A target date fund sounds complicated: do the savers have to get involved in all the changes that affect the fund?
The beauty of target date funds is that each saver (scheme member) only needs to own a stake in one fund. Indeed, if they are happy with the arrangement and stay with the scheme, they need never own another fund until they retire. All the asset changes (and any others, such as those involving investment managers) all happen within the fund. The member can be kept informed, but doesn’t need to get bound up in the bureaucratic detail.
Are target date funds risky?
All investments are risky and a saver may not get back the money they invest in a target date fund. However, target date funds are designed to limit risks. The asset allocation glide path is set to automatically reduce risks as people get older, when they are less able to withstand losses on their savings. And, because a professional manager is involved in managing the funds, they can take much speedier evasive action if market conditions look like they will get worse. We would argue, therefore, that target date funds are less risky than alternatives, such as lifestyle funds, which are often used in DC pension schemes.

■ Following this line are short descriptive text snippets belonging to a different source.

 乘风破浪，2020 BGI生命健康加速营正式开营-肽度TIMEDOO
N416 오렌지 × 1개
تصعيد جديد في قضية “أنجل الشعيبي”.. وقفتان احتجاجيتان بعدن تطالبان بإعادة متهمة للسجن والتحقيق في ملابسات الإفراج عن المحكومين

Will a saver in a target date fund have to pay extra for the service?
Charges are very competitive. Although there is an additional cost involved in providing professional oversight of the funds, it is also possible to negotiate lower fees for the underlying funds. The all-in cost, therefore, can be substantially less than charged by certain rival approaches, such as diversified growth funds.
How does the asset allocation work?
Known as the “glide path” of the fund, the planned asset changes are proactively managed through time in our target date funds. When savers are young, their fund will own a lot of shares. This is because they are likely to have only small savings and shares, whose value can rise substantially, can help them grow their savings fast. Of course, shares also carry higher risks, but younger savers can make up for any losses by saving during the many years they have ahead of them. People at the start of their saving career are likely to use a target date fund with a higher concentration in shares.

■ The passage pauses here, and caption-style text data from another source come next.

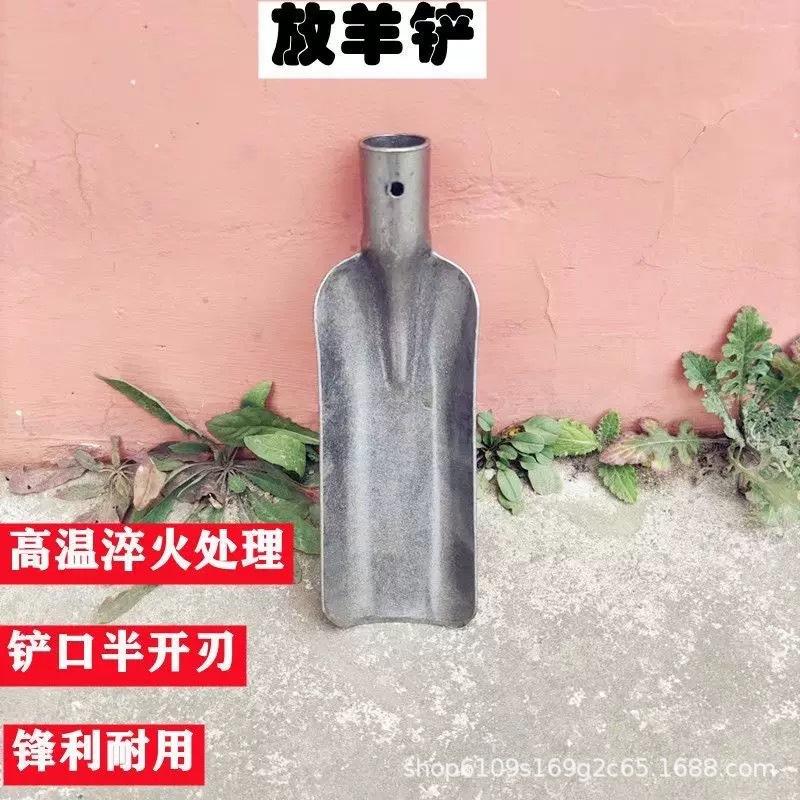 放羊铲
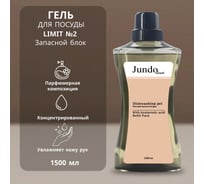 Средство для мытья посуды Jundo Лимит №2, 1,5 л 4903720041291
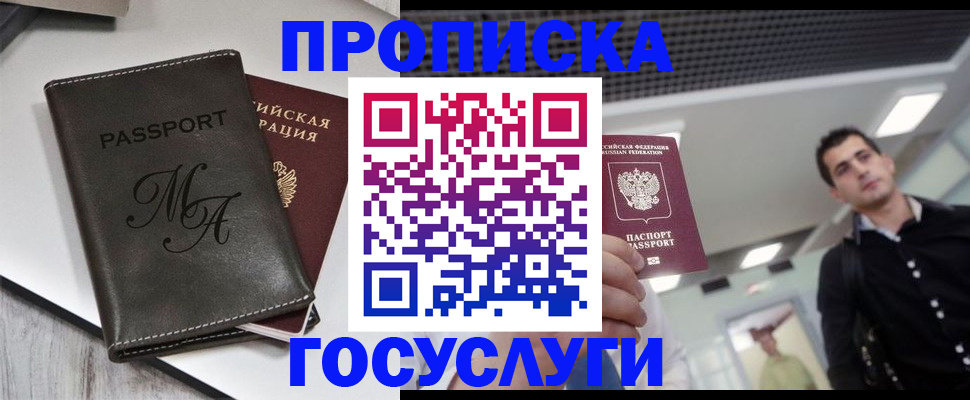 регистрация для школы в Казани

As people get older, they will not want to take so many risks as they generally have more to lose, since they usually have larger savings “pots”. Therefore the amount of “safety assets”, such as bonds, will increase in their target date fund. By the time they are within a few years of retirement, their fund’s mix will mostly be made up of safer assets, although there will still be some shares involved. This mix reflects the use most savers will want to make of their fund. Many, for instance, will want to take a tax-free cash sum from their savings, while the bonds will match quite closely the sort of assets that will be used to create an income for them in retirement. This might be done by purchasing an annuity, or by using another approach that keeps their money invested for a little while longer. They could then use their investments to pay themselves an income while they wait for a better time to buy an annuity.

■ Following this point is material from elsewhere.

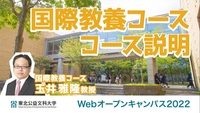 webOC_国際教養コースコンテンツ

Where else are target date funds used?
They are widely used in the US and they have been adopted by NEST (the National Employment Savings Trust), the UK-wide scheme set up with government backing to provide a fall-back option for employers that don’t have their own employee pension arrangements. Under the new “auto enrolment” rules, any worker who doesn’t have access to a suitable scheme will automatically start saving in NEST, unless they ask not to be involved. If they do end up in NEST, the “default” fund they go into will be a target date fund based on their age.